Vendredi 17 avril, la Haute autorité pour la transparence de la vie publique (HATVP), créée après l'affaire Cahuzac pour contrôler les déclarations de patrimoine des élus, a en effet saisi le parquet de Paris, estimant que Dominique Tian avait rempli un formulaire potentiellement mensonger, « en raison notamment de l'omission d'avoirs détenus à l'étranger ». Le procureur devrait, en toute logique, ouvrir dans la foulée une enquête préliminaire.

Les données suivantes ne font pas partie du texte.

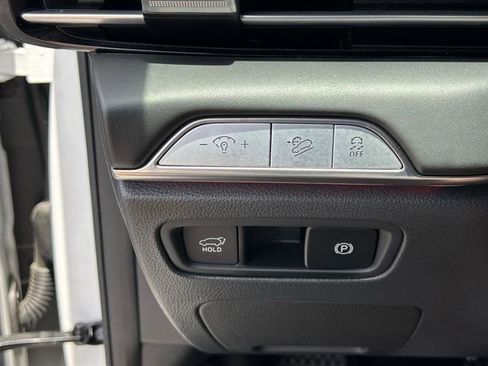 Used 2025 Genesis GV80 2.5T Standard AWD/4WD image 27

Depuis les lois sur la transparence de fin 2013, toute « omission » peut valoir jusqu'à trois ans de prison et 45 000 euros d'amende aux délinquants en cravate, possiblement privés de leurs droits civiques et de l'exercice de toute fonction publique. Après Degauchy (UMP), Sido (UMP), Brochand (UMP), Dassault (UMP) et de Montesquiou (UDI), c'est la sixième fois que la HATVP transmet à la justice des déclarations de patrimoine de parlementaires.

D'après nos informations, les griefs retenus à l'encontre de Dominique Tian, chef d'entreprise dans le privé, portent non seulement sur un ancien compte outre-Léman, mais aussi sur un hôtel en Belgique, non signalé à la Haute autorité.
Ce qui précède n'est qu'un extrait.